After reaching Humboldt Bay, Carson City resumed convoy escort duty in the New Guinea area, shuttling to Wakde, Biak, Noemfoor, Sansapor, Morotai, and Mios Woendi until 26 November 1944, when she departed New Guinea for Pearl Harbor, Territory of Hawaii, where she underwent an overhaul. Upon its completion, she steamed north for duty with the Alaskan Sea Frontier at Dutch Harbor, Territory of Alaska, where she reported on 12 January 1945 and began patrol and escort duties in Alaskan waters. Selected for transfer to the Soviet Navy in Project Hula - a secret program for the transfer of US Navy ships to the Soviet Navy at Cold Bay, Alaska, in anticipation of the Soviet Union joining the war against Japan - Carson City proceeded to Cold Bay in August 1945 and began training her new Soviet crew.

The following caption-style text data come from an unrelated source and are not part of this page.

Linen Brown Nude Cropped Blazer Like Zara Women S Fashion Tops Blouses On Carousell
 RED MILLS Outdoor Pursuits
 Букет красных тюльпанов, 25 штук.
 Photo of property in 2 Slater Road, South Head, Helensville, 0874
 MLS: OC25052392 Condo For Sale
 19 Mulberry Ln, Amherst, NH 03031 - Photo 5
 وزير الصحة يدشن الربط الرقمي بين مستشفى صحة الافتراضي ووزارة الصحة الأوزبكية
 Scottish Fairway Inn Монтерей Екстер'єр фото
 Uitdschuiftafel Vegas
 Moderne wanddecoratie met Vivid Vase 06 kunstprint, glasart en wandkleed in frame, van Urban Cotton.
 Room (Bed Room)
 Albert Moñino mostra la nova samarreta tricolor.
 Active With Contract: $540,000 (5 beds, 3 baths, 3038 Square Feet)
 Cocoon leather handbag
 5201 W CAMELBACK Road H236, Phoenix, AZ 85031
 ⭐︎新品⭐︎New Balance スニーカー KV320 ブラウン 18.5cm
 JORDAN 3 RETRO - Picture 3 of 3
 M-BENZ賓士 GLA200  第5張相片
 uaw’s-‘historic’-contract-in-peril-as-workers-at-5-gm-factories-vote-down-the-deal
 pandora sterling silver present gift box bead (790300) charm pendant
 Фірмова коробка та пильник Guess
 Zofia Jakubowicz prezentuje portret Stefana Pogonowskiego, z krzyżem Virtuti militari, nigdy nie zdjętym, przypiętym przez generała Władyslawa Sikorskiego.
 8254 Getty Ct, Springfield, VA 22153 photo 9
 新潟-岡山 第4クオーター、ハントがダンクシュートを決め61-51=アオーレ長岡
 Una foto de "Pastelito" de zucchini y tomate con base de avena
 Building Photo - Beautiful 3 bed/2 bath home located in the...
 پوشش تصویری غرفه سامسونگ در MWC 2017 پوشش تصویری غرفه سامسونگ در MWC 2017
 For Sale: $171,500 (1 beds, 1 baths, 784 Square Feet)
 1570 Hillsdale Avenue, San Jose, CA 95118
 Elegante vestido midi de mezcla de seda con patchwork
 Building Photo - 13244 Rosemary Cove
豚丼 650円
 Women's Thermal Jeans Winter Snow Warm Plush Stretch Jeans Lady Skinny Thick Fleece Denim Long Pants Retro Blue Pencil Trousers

===Soviet Navy, 1945–1949===

Following the completion of training for her Soviet crew, Carson City was decommissioned on 26 August 1945, at Cold Bay and transferred to the Soviet Union under Lend-Lease immediately along with her sister ships , , , , and . Commissioned into the Soviet Navy immediately, Carson City was designated as a storozhevoi korabl ("escort ship") and renamed EK-20 in Soviet service. She soon departed Cold Bay bound for Petropavlovsk-Kamchatsky in the Soviet Union, where she served as a patrol vessel in the Soviet Far East.

In February 1946, the United States began negotiations for the return of ships loaned to the Soviet Union for use during World War II. On 8 May 1947, United States Secretary of the Navy James V. Forrestal informed the United States Department of State that the United States Department of the Navy wanted 480 of the 585 combatant ships it had transferred to the Soviet Union for World War II use returned, EK-20 among them. Negotiations for the return of the ships were protracted, but on 1 November 1949, the Soviet Union finally returned EK-20 to the U.S. Navy at Yokosuka, Japan.

===Japan Maritime Self-Defense Force, 1953–1971===

Reverting to her original name, Carson City lay idle in the Pacific Reserve Fleet until the United States transferred her to the Japan Maritime Self-Defense Force on 30 April 1953 as JDS Sakura (PF-10) (さくら (PF-10)). Sakura was redesignated PF-290 on 1 September 1957. She was reclassified as an "auxiliary stock craft" (YAC) and renamed YAC-16 on 31 March 1966. She was decommissioned on 31 March 1971 and returned to U.S. custody for disposal on 6 August 1971. Her final disposition is unknown.

According to some reports, ex-USS Carson City was sold for scrap following her return from Japanese control, and was scrapped by a breaker in Taiwan. The ships bell is currently displayed inside the City Hall of Carson City, Nevada, along with the ship's commissioning pennant.

==Awards==
The US Navy awarded Carson City two battle stars for her World War II service.